= Multi-alignment =

Foreign policy strategy

In international relations, multi-alignment is a foreign policy strategy in which a state simultaneously cultivates strategic partnerships with multiple major powers or blocs, aligning with different actors on different issues, in order to maximize strategic autonomy and national interests. It is primarily applied to the Indian foreign policy under Narendra Modi and S. Jaishankar.
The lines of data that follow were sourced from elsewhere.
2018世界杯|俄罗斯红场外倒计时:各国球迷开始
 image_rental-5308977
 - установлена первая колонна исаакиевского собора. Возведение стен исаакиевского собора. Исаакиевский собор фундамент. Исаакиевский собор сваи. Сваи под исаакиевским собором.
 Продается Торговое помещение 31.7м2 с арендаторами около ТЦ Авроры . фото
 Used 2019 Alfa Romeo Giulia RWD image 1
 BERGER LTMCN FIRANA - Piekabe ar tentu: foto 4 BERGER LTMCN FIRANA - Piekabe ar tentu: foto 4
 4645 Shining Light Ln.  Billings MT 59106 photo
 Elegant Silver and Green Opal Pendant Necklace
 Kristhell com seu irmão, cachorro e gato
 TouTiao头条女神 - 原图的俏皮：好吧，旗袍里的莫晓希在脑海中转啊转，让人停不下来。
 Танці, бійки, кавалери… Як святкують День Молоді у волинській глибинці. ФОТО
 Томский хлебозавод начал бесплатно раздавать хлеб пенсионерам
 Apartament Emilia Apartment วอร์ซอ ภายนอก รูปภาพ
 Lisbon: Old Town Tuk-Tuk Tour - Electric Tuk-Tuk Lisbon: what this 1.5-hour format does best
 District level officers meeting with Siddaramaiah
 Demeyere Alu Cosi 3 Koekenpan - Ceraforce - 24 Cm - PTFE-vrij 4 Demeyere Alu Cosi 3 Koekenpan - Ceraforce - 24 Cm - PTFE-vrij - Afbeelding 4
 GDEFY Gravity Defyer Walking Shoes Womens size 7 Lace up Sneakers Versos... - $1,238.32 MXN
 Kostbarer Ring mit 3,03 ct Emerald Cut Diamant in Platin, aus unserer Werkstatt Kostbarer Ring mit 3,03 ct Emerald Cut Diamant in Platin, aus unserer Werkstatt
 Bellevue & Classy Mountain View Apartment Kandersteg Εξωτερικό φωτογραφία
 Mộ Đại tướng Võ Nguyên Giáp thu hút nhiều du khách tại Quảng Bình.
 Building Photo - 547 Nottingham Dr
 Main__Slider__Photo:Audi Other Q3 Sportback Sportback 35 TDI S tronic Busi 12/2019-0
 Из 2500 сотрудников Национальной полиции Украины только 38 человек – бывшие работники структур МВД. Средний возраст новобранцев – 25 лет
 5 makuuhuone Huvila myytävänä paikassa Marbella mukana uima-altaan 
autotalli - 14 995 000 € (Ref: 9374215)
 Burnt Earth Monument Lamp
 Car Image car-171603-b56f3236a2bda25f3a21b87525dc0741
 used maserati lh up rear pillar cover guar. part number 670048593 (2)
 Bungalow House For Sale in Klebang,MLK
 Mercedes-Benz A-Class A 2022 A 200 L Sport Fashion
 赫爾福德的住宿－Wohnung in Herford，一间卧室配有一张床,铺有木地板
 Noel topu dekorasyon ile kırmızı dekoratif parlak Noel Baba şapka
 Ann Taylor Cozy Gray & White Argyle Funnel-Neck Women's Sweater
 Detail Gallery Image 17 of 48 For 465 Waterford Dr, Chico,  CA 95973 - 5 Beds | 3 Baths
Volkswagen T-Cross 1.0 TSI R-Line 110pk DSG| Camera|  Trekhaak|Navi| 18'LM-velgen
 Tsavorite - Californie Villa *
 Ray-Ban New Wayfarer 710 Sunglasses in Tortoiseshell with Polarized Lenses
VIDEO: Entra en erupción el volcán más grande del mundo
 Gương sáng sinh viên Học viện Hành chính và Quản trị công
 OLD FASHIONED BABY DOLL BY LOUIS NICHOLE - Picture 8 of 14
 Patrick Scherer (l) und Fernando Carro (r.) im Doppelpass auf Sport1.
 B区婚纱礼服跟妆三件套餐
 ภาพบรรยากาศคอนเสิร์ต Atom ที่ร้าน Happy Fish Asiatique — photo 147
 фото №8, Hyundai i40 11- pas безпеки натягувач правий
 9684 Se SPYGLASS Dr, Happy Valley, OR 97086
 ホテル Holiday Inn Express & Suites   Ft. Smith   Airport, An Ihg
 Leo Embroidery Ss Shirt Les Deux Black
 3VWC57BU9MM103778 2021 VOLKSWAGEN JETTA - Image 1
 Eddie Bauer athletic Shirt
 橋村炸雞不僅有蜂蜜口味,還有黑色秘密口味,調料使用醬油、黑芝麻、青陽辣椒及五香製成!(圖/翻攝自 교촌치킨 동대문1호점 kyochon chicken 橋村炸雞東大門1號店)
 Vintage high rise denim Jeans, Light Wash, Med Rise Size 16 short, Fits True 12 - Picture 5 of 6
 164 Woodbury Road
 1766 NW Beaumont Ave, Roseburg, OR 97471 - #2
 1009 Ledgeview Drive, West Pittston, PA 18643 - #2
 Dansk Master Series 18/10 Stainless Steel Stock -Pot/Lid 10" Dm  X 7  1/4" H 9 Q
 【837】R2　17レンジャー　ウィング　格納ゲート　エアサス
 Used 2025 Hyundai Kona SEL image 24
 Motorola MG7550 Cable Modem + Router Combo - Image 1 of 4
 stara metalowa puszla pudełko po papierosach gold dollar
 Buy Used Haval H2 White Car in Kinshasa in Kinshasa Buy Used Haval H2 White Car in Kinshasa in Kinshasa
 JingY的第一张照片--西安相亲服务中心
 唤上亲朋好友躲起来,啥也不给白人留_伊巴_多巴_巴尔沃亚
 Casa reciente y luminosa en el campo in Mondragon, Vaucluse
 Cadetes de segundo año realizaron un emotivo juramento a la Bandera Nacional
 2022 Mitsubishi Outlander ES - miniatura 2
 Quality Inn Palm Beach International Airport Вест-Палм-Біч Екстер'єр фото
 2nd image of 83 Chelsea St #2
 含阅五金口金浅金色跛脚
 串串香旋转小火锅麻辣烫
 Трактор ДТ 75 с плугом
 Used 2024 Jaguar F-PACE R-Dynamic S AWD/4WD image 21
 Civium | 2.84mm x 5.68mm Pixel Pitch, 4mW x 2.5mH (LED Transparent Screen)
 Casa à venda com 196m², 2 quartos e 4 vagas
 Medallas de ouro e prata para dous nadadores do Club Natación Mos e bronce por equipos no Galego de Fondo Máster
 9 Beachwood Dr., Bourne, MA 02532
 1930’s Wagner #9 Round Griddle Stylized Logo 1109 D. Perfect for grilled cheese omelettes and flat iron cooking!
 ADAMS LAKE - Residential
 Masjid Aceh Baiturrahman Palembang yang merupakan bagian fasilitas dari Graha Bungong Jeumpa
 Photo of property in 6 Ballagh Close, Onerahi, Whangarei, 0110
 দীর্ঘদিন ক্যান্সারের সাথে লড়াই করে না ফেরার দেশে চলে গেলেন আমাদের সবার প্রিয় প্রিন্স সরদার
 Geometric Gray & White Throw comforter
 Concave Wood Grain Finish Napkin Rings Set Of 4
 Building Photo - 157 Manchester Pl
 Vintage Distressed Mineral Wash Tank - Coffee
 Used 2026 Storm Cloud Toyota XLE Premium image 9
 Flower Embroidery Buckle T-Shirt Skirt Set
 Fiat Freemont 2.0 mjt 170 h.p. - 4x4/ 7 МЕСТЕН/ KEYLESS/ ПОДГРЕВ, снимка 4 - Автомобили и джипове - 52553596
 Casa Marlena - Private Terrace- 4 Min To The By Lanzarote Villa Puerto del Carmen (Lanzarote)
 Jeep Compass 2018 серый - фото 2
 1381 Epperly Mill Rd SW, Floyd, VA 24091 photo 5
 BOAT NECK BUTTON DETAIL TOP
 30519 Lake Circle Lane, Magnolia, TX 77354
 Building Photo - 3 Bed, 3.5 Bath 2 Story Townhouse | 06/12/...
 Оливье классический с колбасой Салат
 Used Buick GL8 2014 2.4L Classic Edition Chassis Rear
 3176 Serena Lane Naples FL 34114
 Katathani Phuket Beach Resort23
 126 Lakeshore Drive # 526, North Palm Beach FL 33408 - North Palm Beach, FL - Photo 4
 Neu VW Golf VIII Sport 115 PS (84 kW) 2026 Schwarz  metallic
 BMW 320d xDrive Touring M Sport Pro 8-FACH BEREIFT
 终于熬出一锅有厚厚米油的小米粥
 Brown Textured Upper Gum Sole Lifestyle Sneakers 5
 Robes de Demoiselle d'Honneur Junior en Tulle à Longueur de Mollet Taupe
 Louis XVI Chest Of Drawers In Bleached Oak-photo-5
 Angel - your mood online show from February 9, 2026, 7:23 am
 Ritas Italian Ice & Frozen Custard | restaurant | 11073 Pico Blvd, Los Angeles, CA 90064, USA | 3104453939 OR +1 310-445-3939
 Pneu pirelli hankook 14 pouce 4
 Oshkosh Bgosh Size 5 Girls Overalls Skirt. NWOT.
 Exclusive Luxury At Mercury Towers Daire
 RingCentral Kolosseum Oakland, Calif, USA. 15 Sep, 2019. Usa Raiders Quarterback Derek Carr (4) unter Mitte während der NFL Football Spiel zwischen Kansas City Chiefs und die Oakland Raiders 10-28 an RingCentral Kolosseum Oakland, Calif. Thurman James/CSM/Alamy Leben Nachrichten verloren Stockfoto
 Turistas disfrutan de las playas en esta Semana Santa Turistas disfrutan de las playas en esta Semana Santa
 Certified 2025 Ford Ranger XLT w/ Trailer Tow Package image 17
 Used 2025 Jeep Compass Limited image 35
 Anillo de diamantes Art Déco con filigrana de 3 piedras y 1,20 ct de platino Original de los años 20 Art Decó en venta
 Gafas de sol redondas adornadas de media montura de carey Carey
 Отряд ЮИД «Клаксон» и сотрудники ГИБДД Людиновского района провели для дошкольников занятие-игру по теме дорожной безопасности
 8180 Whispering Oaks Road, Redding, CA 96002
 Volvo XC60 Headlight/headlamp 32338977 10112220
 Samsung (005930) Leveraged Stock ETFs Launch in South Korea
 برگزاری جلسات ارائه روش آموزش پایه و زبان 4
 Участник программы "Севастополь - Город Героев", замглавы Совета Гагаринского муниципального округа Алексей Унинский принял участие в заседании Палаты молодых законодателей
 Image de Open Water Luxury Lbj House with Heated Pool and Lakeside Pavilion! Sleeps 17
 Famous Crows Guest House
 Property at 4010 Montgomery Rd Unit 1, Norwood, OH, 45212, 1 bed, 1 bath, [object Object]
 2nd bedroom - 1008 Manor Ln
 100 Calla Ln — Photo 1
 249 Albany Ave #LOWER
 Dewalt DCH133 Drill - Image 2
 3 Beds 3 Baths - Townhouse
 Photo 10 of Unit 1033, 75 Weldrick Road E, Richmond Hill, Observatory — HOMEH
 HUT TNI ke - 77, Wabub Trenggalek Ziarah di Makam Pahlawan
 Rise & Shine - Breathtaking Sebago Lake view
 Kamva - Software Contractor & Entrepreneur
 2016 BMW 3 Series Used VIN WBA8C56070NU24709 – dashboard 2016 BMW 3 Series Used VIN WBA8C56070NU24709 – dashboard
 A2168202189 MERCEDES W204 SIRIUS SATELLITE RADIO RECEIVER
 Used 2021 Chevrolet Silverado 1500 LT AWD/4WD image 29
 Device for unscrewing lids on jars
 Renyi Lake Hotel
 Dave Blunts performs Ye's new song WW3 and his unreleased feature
Indian diplomat Shashi Tharoor claims to have introduced the term in the 2000s, using it at the annual conference of Indian ambassadors in 2009 to "a frosty reception." It gained widespread recognition when India's External Affairs Minister S. Jaishankar used it in 2020. Jaishankar has acknowledged Tharoor's claim. Separately, Parag Khanna has claimed to have coined it in 2007. Khanna and Raja Mohan wrote in a 2006 paper: "A neo-Curzonian foreign policy is premised on the logic of Indian centrality, permitting multidirectional engagement--or "multi-alignment"—with all major powers and seeking access and leverage from East Africa to Pacific Asia."

Ian Hall identified three elements of Indian multialignment: 1) membership in various forums, 2) strategic partnerships, 3) normative hedging. It has been distinguished from the "multi-vector" of post-Soviet states like Kazakhstan, which involves distancing from a dominant former hegemon and Yevgeny Primakov's Russian model of multipolarity that applied equidistance among power centres.

It has been described as an increasingly common strategy in the age of multipolarity and apparent end of U.S. global hegemony in the 2020s. Beyond India, it has been discussed by analysts as an actual or potential foreign policy pursued by Indonesia, Brazil, the United Arab Emirates, and others.